Below are records to repeat exactly. Omit the pictures from the copy.

(Extracted information begins)

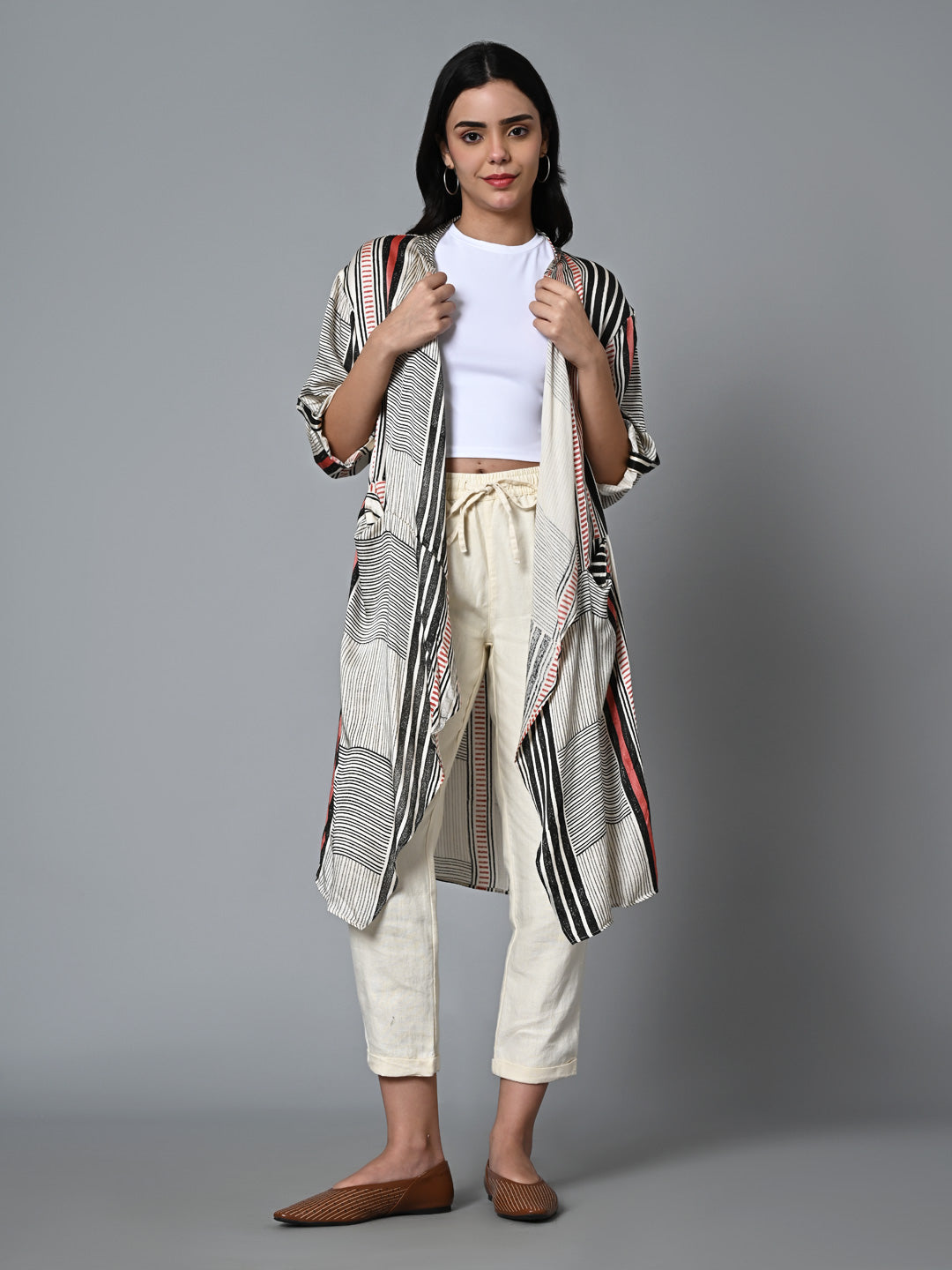 Women’s Viscose Modal Hand Block Printed Regular Fit Offwhite Overlay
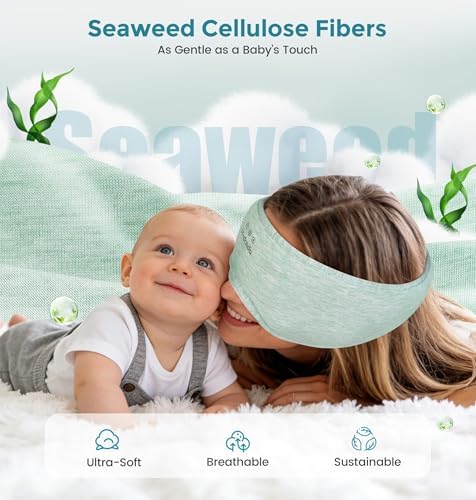 LC-dolida Sleep Masks with Bluetooth Headphones, Soft Seaweed Fiber Cotton - Image 2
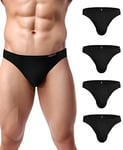 Avidlove Slip Homme Sexy Moulant Briefs sous Vetements Lot de 4 4 X Noir L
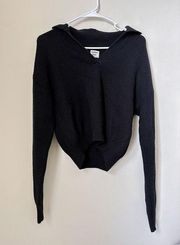 Aritzia Sunday Best Knitted Collared Sweater in Black, Size XS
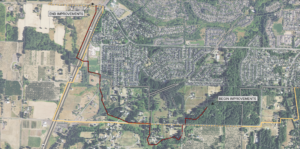 Aerial view of Brookman Sanitary Sewer Trunkline project area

(Extracted information ends)

Written answer:
 Women’s Viscose Modal Hand Block Printed Regular Fit Offwhite Overlay
 LC-dolida Sleep Masks with Bluetooth Headphones, Soft Seaweed Fiber Cotton - Image 2
 Avidlove Slip Homme Sexy Moulant Briefs sous Vetements Lot de 4 4 X Noir L
 Aritzia Sunday Best Knitted Collared Sweater in Black, Size XS
 Aerial view of Brookman Sanitary Sewer Trunkline project area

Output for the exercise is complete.